ABOUT THIS TASK> Quote the entries below from the line with "Dressoir met lade" through the line with "Item preview, Astronaut", both ends included, and only those lines.

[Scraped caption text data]
%%

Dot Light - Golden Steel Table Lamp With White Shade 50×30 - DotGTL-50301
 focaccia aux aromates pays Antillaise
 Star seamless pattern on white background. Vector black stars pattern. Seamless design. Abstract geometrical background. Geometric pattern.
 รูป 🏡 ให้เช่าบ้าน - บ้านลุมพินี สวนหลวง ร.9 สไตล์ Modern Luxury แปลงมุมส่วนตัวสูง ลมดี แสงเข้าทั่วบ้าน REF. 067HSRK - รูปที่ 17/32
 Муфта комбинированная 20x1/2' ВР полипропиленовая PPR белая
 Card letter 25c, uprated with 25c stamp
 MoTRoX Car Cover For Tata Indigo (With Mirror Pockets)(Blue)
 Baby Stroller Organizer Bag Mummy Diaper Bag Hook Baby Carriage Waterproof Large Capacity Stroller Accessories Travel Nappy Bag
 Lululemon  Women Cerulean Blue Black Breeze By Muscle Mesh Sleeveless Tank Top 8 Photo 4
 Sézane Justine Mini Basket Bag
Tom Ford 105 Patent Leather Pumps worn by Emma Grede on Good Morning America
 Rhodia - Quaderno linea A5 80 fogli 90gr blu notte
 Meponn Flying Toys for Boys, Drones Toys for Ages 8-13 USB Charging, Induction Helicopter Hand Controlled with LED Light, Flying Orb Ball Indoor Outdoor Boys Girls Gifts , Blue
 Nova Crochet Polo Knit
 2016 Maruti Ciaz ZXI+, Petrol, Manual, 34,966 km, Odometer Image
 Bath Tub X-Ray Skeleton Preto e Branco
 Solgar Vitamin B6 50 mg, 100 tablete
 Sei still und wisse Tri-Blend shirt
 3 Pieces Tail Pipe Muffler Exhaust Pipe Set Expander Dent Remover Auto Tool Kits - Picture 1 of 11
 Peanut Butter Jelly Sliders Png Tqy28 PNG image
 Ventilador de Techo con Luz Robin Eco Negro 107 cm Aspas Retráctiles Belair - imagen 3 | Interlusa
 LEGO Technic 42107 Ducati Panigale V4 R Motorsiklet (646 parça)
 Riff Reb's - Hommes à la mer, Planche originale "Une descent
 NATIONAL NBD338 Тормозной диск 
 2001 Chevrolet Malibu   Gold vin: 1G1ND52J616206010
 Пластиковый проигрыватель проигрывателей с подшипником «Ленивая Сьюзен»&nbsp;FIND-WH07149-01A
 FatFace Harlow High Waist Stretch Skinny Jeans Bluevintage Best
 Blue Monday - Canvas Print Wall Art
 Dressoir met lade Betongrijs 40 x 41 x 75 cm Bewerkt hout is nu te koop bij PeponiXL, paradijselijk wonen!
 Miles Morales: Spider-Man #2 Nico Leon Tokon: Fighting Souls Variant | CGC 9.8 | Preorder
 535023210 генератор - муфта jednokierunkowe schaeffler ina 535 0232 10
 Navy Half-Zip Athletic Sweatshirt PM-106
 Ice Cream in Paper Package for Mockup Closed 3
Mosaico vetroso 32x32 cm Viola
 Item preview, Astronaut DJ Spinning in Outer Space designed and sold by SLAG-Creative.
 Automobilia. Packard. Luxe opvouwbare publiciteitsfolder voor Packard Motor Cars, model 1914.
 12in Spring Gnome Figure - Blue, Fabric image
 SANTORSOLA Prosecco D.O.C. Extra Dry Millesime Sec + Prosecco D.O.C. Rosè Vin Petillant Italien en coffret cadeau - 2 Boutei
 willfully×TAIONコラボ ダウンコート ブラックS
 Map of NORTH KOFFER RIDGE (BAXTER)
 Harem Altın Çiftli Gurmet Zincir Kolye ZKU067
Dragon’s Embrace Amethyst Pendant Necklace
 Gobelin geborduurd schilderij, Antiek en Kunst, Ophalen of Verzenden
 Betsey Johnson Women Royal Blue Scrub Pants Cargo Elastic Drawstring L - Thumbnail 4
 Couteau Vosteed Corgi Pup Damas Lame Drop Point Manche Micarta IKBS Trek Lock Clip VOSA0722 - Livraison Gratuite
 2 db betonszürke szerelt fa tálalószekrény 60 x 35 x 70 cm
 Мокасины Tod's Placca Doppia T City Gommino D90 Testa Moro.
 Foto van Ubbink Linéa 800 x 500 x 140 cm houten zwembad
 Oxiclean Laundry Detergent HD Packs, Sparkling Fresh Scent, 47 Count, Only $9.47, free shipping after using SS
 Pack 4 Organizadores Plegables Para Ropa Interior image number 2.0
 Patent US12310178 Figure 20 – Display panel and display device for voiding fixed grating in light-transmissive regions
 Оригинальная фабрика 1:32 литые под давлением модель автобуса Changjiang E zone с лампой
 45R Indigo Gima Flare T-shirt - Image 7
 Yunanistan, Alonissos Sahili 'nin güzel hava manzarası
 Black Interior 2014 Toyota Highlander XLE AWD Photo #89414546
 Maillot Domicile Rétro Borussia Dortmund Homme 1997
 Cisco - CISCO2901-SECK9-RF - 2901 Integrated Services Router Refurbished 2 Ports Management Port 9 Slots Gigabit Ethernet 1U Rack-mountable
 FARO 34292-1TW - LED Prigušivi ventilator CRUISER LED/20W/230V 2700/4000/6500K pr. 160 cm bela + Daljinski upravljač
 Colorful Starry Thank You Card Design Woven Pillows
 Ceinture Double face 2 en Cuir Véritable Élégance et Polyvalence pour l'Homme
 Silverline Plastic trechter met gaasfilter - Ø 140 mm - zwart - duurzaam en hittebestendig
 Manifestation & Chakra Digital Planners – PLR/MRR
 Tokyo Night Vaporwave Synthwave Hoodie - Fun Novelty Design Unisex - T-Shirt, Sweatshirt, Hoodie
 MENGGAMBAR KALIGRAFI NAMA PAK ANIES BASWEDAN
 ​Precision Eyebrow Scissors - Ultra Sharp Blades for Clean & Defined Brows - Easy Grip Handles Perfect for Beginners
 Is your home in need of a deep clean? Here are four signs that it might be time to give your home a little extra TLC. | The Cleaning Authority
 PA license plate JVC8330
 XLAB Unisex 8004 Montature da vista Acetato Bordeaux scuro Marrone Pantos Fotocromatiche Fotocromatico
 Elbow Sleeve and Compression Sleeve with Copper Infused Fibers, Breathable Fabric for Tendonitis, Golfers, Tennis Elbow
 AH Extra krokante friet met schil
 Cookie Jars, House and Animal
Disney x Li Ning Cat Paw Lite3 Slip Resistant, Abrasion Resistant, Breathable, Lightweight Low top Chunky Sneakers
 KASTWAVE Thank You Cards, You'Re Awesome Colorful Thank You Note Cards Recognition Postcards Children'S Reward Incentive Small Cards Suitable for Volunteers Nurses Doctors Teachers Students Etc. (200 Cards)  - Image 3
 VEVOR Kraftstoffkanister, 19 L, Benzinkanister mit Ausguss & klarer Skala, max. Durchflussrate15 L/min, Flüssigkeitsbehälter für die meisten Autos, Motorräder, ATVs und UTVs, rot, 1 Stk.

%%

REPLY TO THE EXERCISE>
 Dressoir met lade Betongrijs 40 x 41 x 75 cm Bewerkt hout is nu te koop bij PeponiXL, paradijselijk wonen!
 Miles Morales: Spider-Man #2 Nico Leon Tokon: Fighting Souls Variant | CGC 9.8 | Preorder
 535023210 генератор - муфта jednokierunkowe schaeffler ina 535 0232 10
 Navy Half-Zip Athletic Sweatshirt PM-106
 Ice Cream in Paper Package for Mockup Closed 3
Mosaico vetroso 32x32 cm Viola
 Item preview, Astronaut DJ Spinning in Outer Space designed and sold by SLAG-Creative.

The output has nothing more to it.